Segment Start: EXTRACTED RECORDS

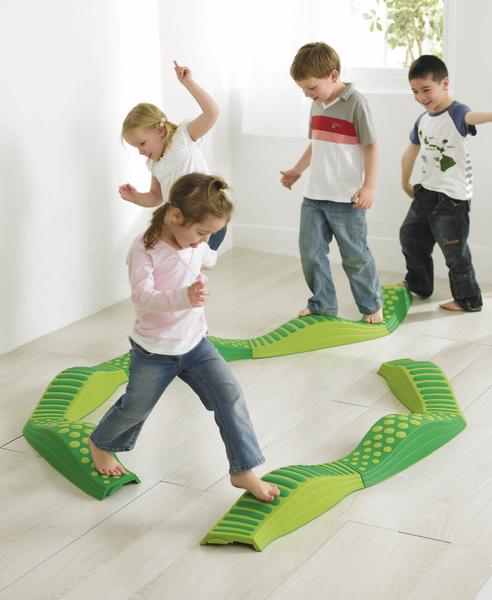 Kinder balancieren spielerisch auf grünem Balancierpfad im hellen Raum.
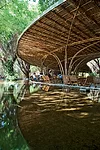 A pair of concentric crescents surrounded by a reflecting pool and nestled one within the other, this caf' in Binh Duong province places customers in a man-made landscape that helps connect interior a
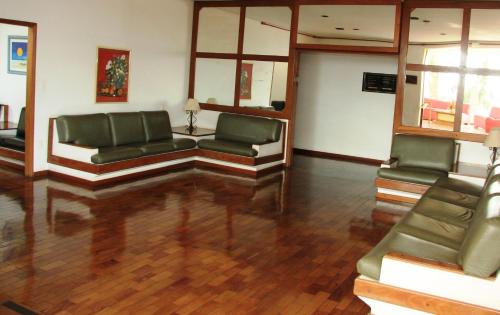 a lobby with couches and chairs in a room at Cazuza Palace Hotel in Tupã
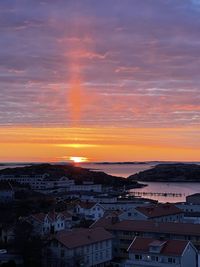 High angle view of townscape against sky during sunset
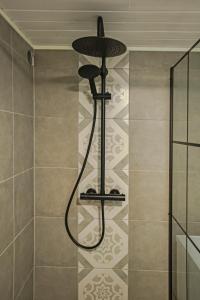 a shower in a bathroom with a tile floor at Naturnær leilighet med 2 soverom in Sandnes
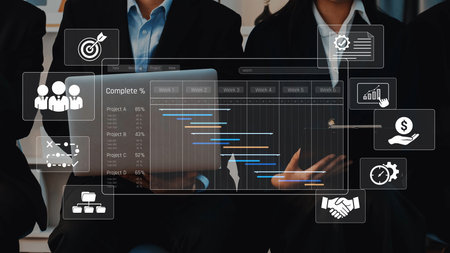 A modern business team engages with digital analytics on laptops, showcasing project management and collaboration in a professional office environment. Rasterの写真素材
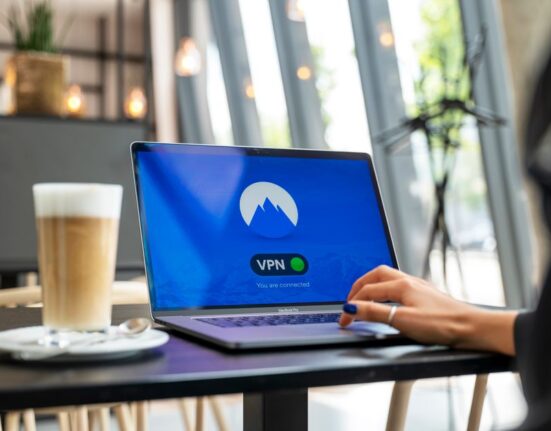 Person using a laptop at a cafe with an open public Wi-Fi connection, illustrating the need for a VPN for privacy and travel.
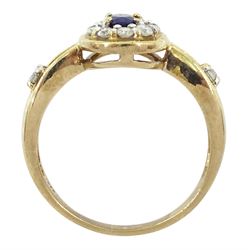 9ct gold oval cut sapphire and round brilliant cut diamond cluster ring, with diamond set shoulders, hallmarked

Segment End: EXTRACTED RECORDS
Segment Start: EXTRACTED RECORDS

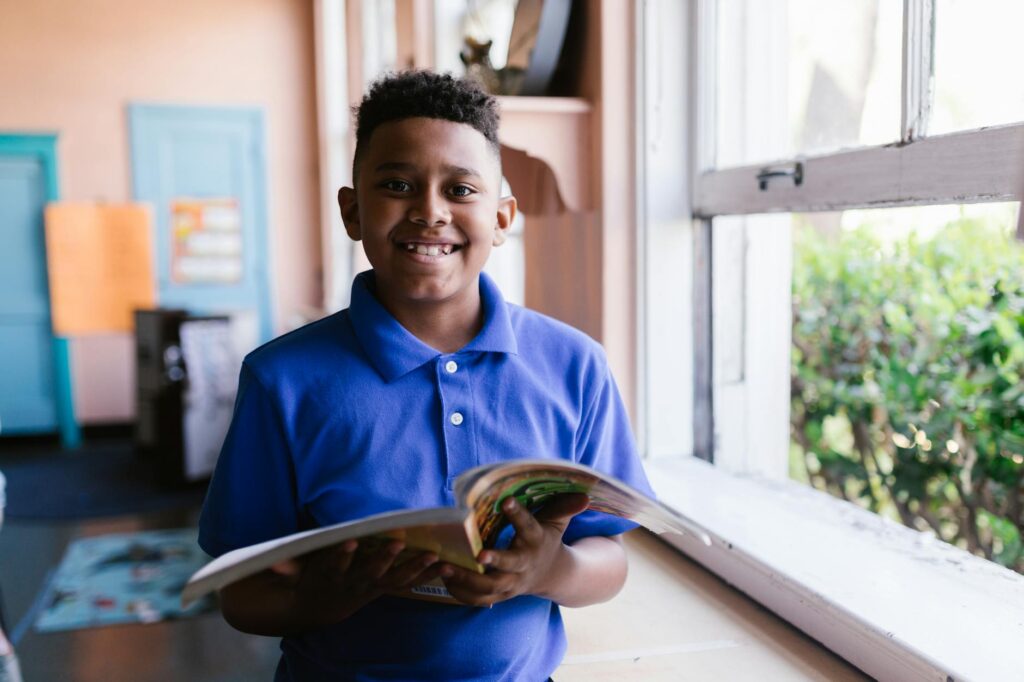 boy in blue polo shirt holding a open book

Segment End: EXTRACTED RECORDS

# YOUR GOAL
Exactly as written above, retype the lines starting at the one holding "a shower in" and ending at the one holding "9ct gold oval", both included, but not the pictures.

# EXERCISE OUTPUT
 a shower in a bathroom with a tile floor at Naturnær leilighet med 2 soverom in Sandnes
 A modern business team engages with digital analytics on laptops, showcasing project management and collaboration in a professional office environment. Rasterの写真素材
 Person using a laptop at a cafe with an open public Wi-Fi connection, illustrating the need for a VPN for privacy and travel.
 9ct gold oval cut sapphire and round brilliant cut diamond cluster ring, with diamond set shoulders, hallmarked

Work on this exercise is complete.